Lynch: Ryder Cup won’t be unscathed by golf's new world order. Radical change is coming

Photo: Patrick Smith/Getty Images

ROME — Every Ryder Cup offers a masterclass in provincial myth-making, somehow convincing the credulous that Europe’s team room is always friction-free and that only American fans are guilty of boorish behavior. This week in Rome, one of the Cup’s most enduring fables was exposed — the utopian notion that it exists on a patriotic plane entirely unsullied by something as vulgar as money.

That’s not because some team members feel they should be paid to play (a position that’s neither new nor entirely unpardonable). The finances matter enormously to Ryder Cup organizers, who depend on its proceeds to operate for the years between “home” editions. Widen the lens beyond individual players or even individual Cups, and it becomes apparent that this is the major event most vulnerable to radical change in whatever ecosystem emerges from the cash arms race disfiguring golf.

The Ryder Cup reliably showcases the sport’s greatest theater and passion. That’s the user experience. The apparatus around the Cup and its inner workings are strained, and demand a rethink that’s more pressing than any ideas we’ll see emerge from the post-mortem analysis of Team USA’s latest defeat.

Some of the issues are owed to the ownership structure. Europe’s half of the Cup is mostly held by the DP World Tour, with minor slices owned by a couple of regional PGA associations. There is no asset of remotely comparable value that the European circuit can bring to the new for-profit entity it is creating with the PGA Tour and, negotiations pending, the Saudi Arabian Public Investment Fund (plus sundry investors who don’t have a side hustle abusing human rights).

Yet as vital as the Ryder Cup is to the books of its various owners, it is commercially isolated. Business types gripe about its limitations in terms of opportunities and partnerships that global sponsors will pay handsomely for. Eventually, some enterprising corporate cipher will see a means by which it can be plugged into a bigger commercial platform to increase profits. Any such platform must be built around the world’s best players, so it seems ordained that wherever the major tours go in the coming years, the Ryder Cup must follow.

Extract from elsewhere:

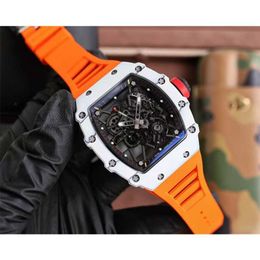 Movement watch durable Lightweight New automatic men's Luxury and carbon fully fiber case integrated movement sapphire glass and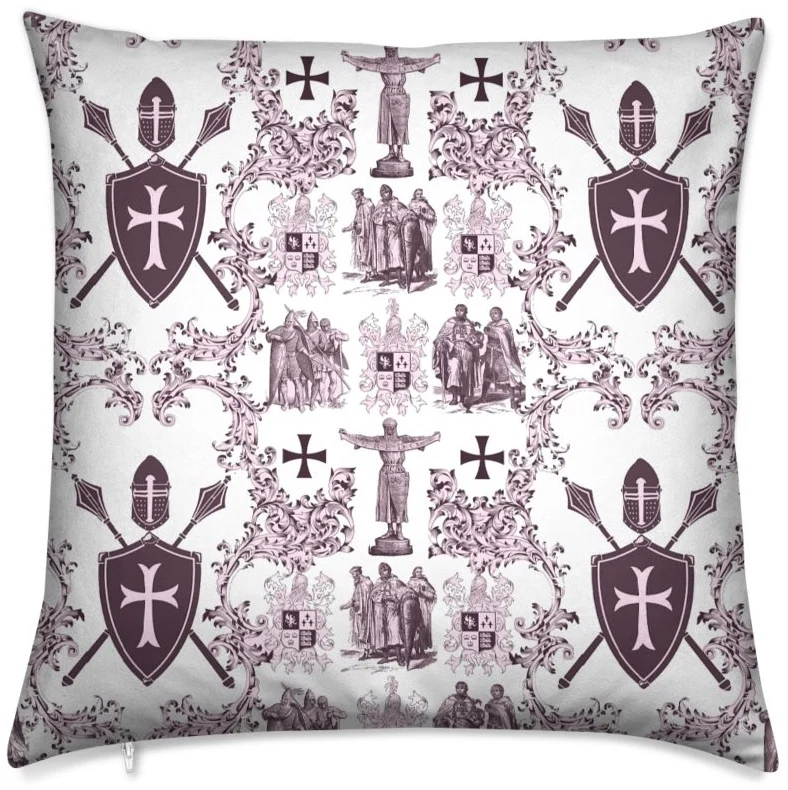 Boutique Toile de Jouy haute couture tissu lilas violet style Empire Ordre des Templiers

And that involves major changes to what we know now.

The qualification system in Europe has been modified more frequently than Cher’s face, but every tweak has had the same rationale: accommodating stars who mostly compete in the U.S. while preserving a pathway to the team for guys who ply their trade at home. Leveraging the Ryder Cup to reward loyalty to the DP World Tour is parochial but necessary. On the opposite shore, the PGA Tour has no ownership stake but is the means by which players qualify. These systems (mostly) work now, but what happens if top players one day commit to a lucrative global schedule of tournaments elevated above the current American and European circuits? The Ryder Cup qualification system will immediately become unfit for purpose.

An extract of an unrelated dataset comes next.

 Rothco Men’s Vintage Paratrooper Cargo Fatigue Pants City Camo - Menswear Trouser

The fix for that is something that should be considered now: go to 12 captain’s picks and dispense with the points system entirely. Such a move would certainly have opponents, but plenty of pros. It would be tour-agnostic and grant skippers the latitude to choose on form and compatibility, and to do something that’s impossible with automatic qualifiers: leave at home those openly ambivalent about being here. It would also restore authority to captains, particularly future U.S. leaders, and not leave them hostage to the preferences of the automatics, which is what Zach Johnson essentially admitted has been his situation.

(If the team is to be drawn from whatever strata exists, why not the captaincy too? Former players are by disposition and circumstance myopic and deferential to their colleagues. Why not a captain from outside the traditional golf sphere? Someone recognized for their ability to get the best from the best. While the captain hits as many shots as the spectators, playing status need not be a consideration. Make it a position for proven performance specialists, not past their prime players.)

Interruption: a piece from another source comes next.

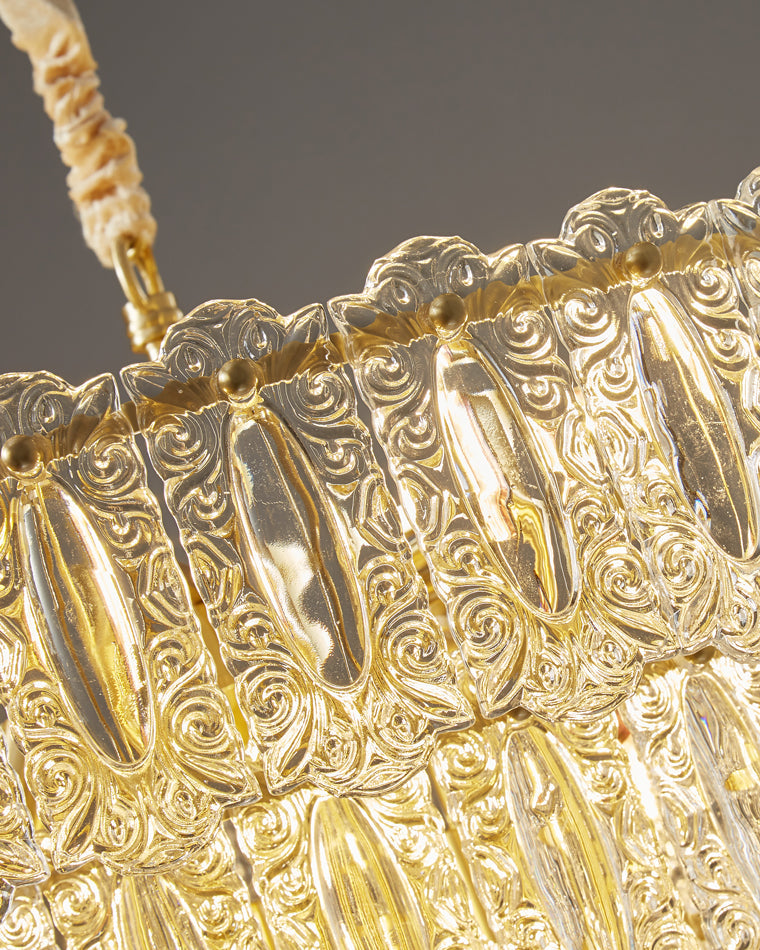 Diff Textured Glass Tiered Chandelier-DF2177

For all the pablum about continental rivalries, the modern era in the Ryder Cup has always been tour versus tour, PGA against Europe. The old legends — Ballesteros, Faldo, Woosnam — felt disrespected when they traveled to the U.S., which only fueled their determination to stick it to the Yanks every two years. Now, at least half of the European team lives stateside and both Scandinavian standouts this week — Viktor Hovland and Ludvig Aberg — spent their formative years in U.S. colleges. The old enmity is being diluted, and that will only accelerate as the lines between tours are blurred. What the Ryder Cup cannot lose or imperil is its heartbeat, the thousands of spectators who bring the noise regardless of what side of the ocean it is held on.

The concerns voiced in the aftermath of the 44th matches in Rome will be short-term in nature — what went wrong for the U.S., who is to blame, what must be done. However entertaining these recriminations may be for onlookers, those of us who love the Ryder Cup must grasp that the years ahead will bring challenges even more daunting than trying to beat Europe at home.